USE THE COMPATIBILITY MODE AND RUN THE TURBO C++ UNDER THE COMPATIBILITY OF WINDOWS 98/WINDOWS ME. TO RUN THE COMPATIBILITY:
1)Create a Shortcut of turbo c.
2)Rt Click the shortcut & click "Properties".
3)Select the "Compatibility" Tab (the 3rd frame).
4)"Check" the checkbox "Run this program under compatibility of:"
5)Now select the option "Windows 98/Windows ME" from the dropbox list.
6)Click "Apply" & "OK".
7)Here U Go, now run the turbo c by double clicking the same shortcut.
I Hope the Solution works as it worked on my pc.


----------



## iinfi (Jul 12, 2005)

man 
but i dont have these two files 

vga.h
vgagl.h

how do i compile  the program in the first place .... plz tell me where to get these 2 files .....


----------



## chillnow (Jul 13, 2005)

i got dev-c++(thanx to those who suggested)....much better program,,,nd not the ancient TC.
anways....what will be the differences(if any) between turboc++ and devc++???

By the way...this site might have wat ur lookin for(vga.h)---
*www.koders.com/cpp/fid3EDA1C3413E87A5E1343BB9C301B7EFA8A9F1135.aspx


----------



## hafees (Jul 14, 2005)

Turbo C++ should work with windows XP. it may be because of a missing  or corrupted file 'autoexec.nt'
This file will be executed everytime when a dos pgm is starting to execute.

this file should be found in C:\windows\system32\ (assuming C is your WIndows drive). If it is not there create this file ('autoexec.nt') using notepad or anyother text editor. Typically the file should contain the following lines (Some comments are deleted). 

@echo off 
REM Install CD ROM extensions
lh %SystemRoot%\system32\mscdexnt.exe
REM Install network redirector (load before dosx.exe)
lh %SystemRoot%\system32\redir

REM Install DPMI support (this is needed)
lh %SystemRoot%\system32\dosx



Add the above lines to autoexec.nt and save it to C:\windows\system32.  Now it should work.

Pls tell us the results.


----------



## iinfi (Jul 14, 2005)

i got vga.h frm the site which chillnow quoted earlier itself ......

but the compiler shows some problem with the file ...

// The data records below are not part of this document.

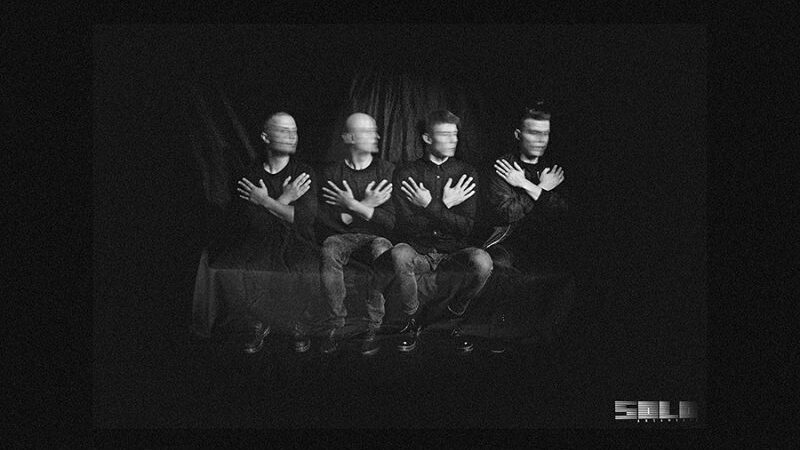 Grupė „Solo Ansamblis“ pristato devyniasdešimtaisiais pulsuojančią dainą „Įstriži žiburiai“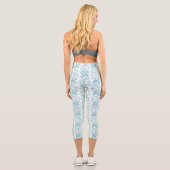 Dala Horse Schwedisches Aquamarin- und Weißmuster Capri Leggings (Rückseite)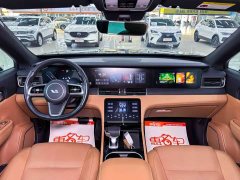 Li Auto ONE Extended Range 6-Seater - ფოტო 12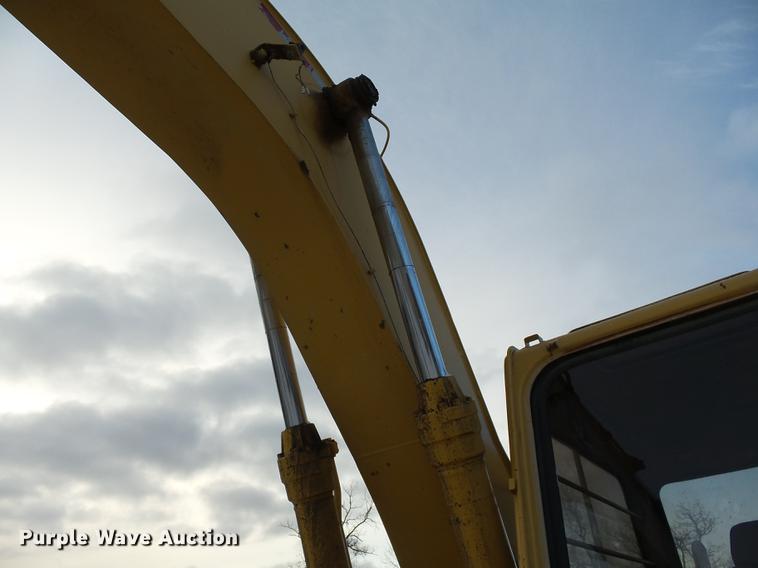 image for item DA3566 1997 John Deere 590D excavator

and i still didnt get the vgagl.h file which i need to run the program ...


----------



## anubhav_har (Oct 4, 2005)

check this topic *www.thinkdigit.com/forum/viewtopic.php?t=8919&highlight=ntvdm


----------



## chanduthebest (Oct 4, 2005)

When i try running turbo C i get this error :

"
16 bit Windows Subsystem

C:\Windows\system32\autoexec.nt.The system file is not suitable for running Ms-DOS and Microsoft Windows applications.Choose 'Close' to terminate the application. "


What can be done ?


----------



## alib_i (Oct 4, 2005)

see the post just before yours
(last post in previous page)

-----
alibi


----------